* What is needed:
If an entry below contains an image, drop the image and retype the rest exactly.

* Provided records:
---+---

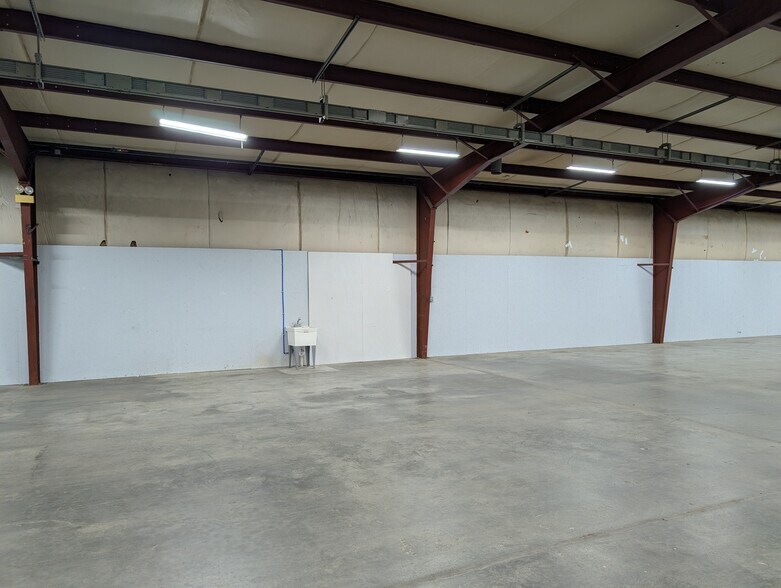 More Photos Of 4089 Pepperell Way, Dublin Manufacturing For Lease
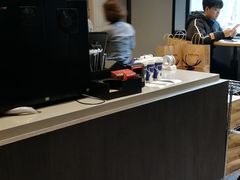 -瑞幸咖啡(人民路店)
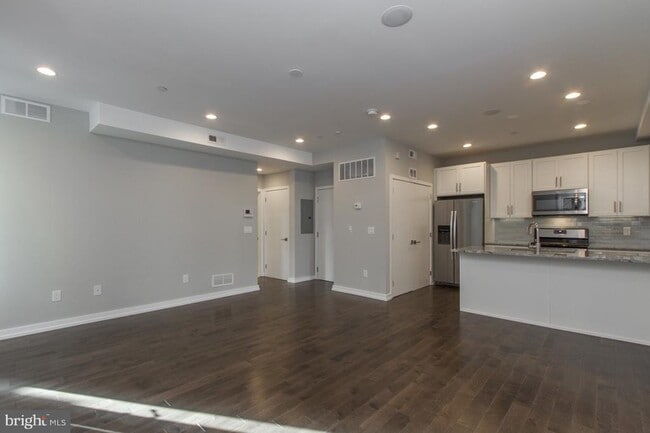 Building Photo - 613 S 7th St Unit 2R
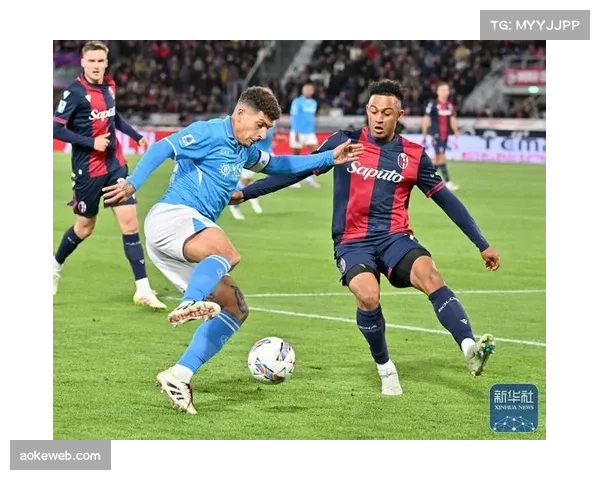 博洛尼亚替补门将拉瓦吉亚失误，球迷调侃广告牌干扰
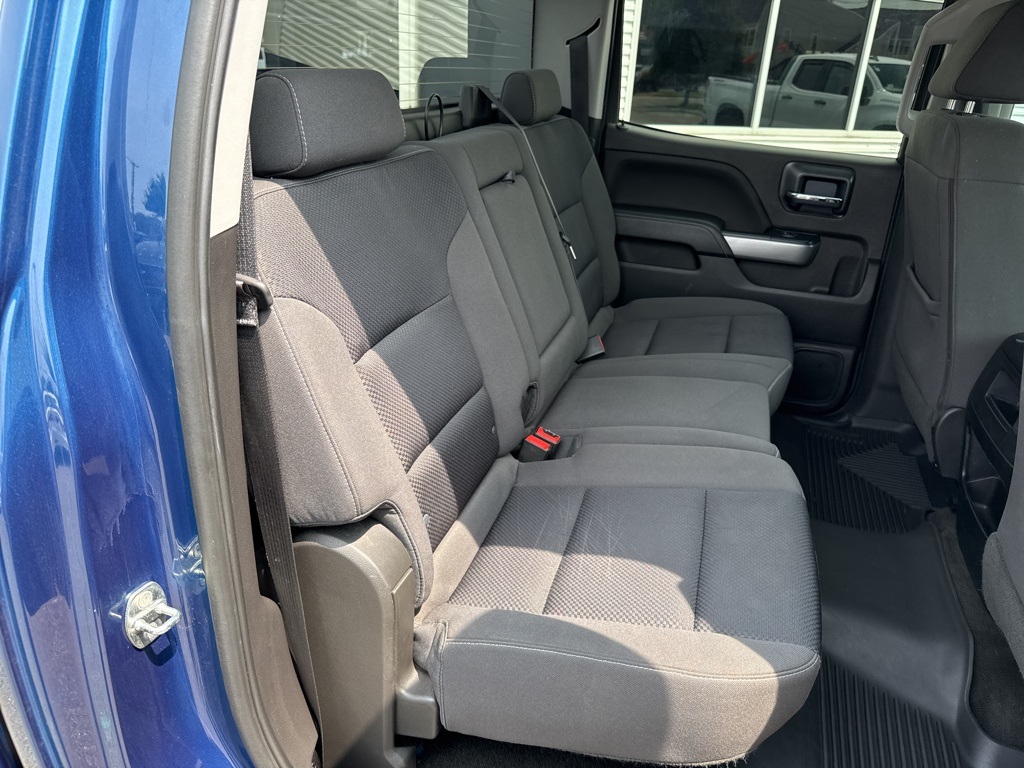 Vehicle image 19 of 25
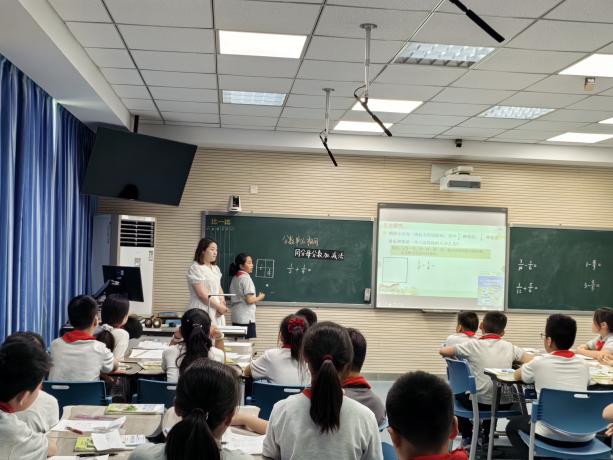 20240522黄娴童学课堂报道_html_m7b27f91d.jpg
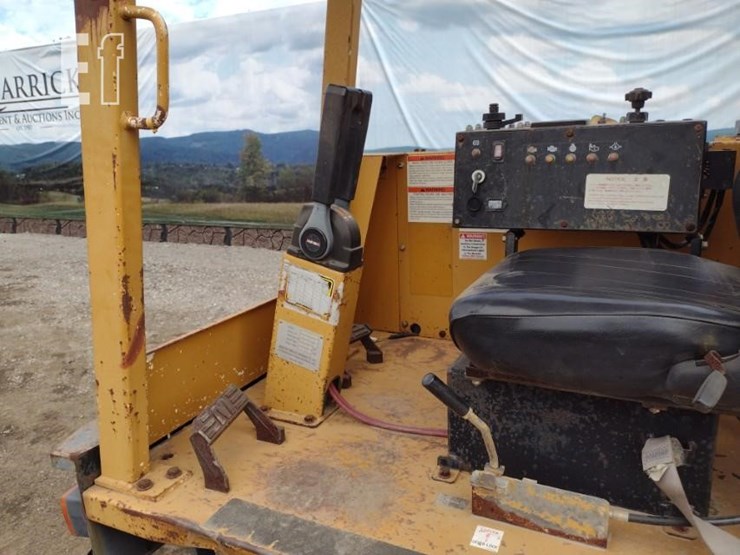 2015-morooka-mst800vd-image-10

---+---

* Exercise output:
 More Photos Of 4089 Pepperell Way, Dublin Manufacturing For Lease
 -瑞幸咖啡(人民路店)
 Building Photo - 613 S 7th St Unit 2R
 博洛尼亚替补门将拉瓦吉亚失误，球迷调侃广告牌干扰
 Vehicle image 19 of 25
 20240522黄娴童学课堂报道_html_m7b27f91d.jpg
 2015-morooka-mst800vd-image-10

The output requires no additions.